Rodion Mikhaylovich Azarkhin (Родио́н Миха́йлович Аза́рхин) also spelt Rodion Azarkin and Radion Azarkin, (22 March 1931, Kharkiv, USSR – 26 March 2007, Moscow, Russia) was a Russian musician. He started playing the double bass in 1945 at a music school next to the Saint Petersburg Conservatory. Later he was a pupil of RSFSR Honoured Artist M.M. Kurbatov at the Leningrad Conservatory from which he graduated with honours in 1954. He continued his studies as a postgraduate student at the Moscow Conservatory under cellist Sviatoslav Knushevitsky.

Azarkhin worked with many musical ensembles, including the Moscow Chamber Orchestra under Rudolf Barshai, Leningrad Radio Variety Orchestra, Leningrad Philharmonic Orchestra, Leningrad Academic Maliy Opera Theatre Orchestra, State Academic Symphony Orchestra of the Russian Federation, Izmir State Symphony Orchestra and as a soloist with the Turkish conductor Ender Sakpinar. He also participated as a soloist in the programme of The Royal Conservatory of Music concert called Music in Exile.

Azarkhin's repertoire of more than 200 works is unique. It features numerous arrangements of his own and transcriptions of instrumental pieces, as well as rarely performed original compositions for double bass.
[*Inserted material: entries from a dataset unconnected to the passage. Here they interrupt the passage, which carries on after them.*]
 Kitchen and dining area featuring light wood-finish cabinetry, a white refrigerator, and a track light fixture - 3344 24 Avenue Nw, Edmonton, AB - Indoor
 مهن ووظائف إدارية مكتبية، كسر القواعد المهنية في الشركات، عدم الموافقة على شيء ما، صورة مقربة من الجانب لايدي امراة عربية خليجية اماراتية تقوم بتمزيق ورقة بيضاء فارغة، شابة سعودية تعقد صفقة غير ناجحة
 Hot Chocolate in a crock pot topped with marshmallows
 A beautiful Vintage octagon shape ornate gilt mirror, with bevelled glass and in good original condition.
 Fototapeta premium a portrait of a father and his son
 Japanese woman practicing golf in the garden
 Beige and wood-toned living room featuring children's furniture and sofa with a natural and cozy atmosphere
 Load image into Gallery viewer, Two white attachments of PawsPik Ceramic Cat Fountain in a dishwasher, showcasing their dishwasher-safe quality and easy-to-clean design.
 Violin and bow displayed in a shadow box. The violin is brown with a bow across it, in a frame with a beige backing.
These include: concertos by Bach, Boccherini, Dittersdorf, Dvořák, Haendel, Haydn, Saint-Saëns, Schumann, Tubin; "Variations on a Rococo theme" by Tchaikovsky, Partita No.2 by Bach (with Chaconne); and sonatas by Beethoven ("Kreutzer-Sonate"), Boccherini, Brahms, Franck, Grieg, Hindemith, Kabalevsky, Rachmaninov, Schubert, and "Moses" by Paganini, and "Introduction and rondo-capriccio" by Saint-Saëns.
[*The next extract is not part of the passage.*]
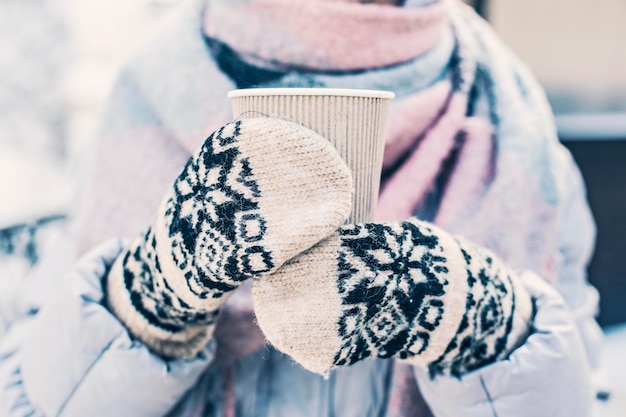 Bebida quente nas mãos da mulher usando luvas de malha quentes em dia frio de inverno nevado.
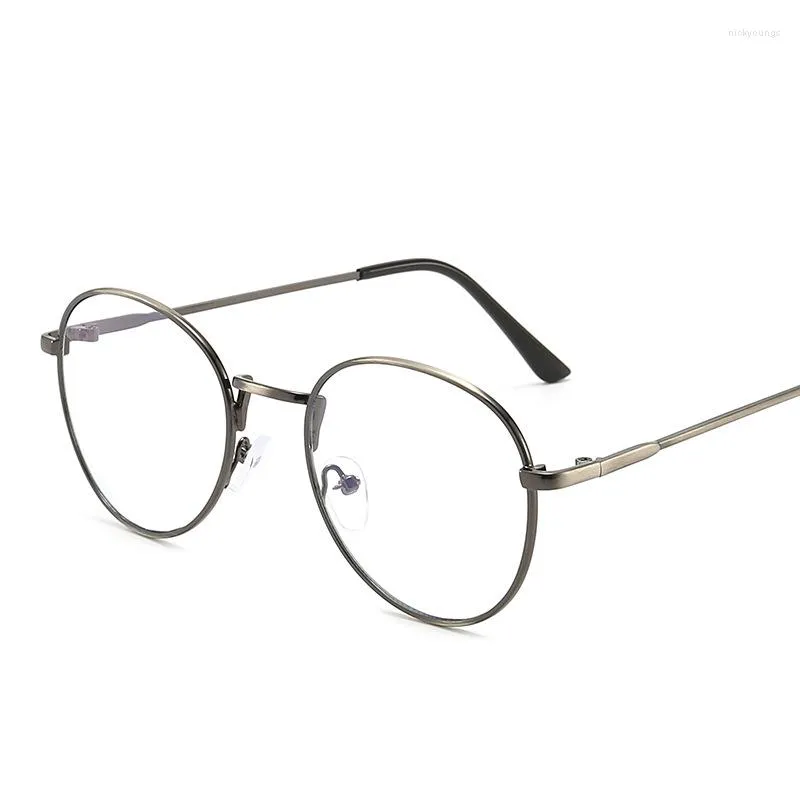 Óculos de sol Bolsas de metal oval escovado espelho plano masculino e feminino Os óculos literários Retro simples podem ser combinados com miopia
Performance of these works, use of new performing techniques, and new timbre colours allowed Azarkhin to extend considerably the conventional idea about the artistic potential of the double bass as a solo instrument.

==Sources==
- Российский гуманитарный энциклопедический словарь. Entry on Rodion Azarkhin. «Гуманитарный издательский центр ВЛАДОС», 2002.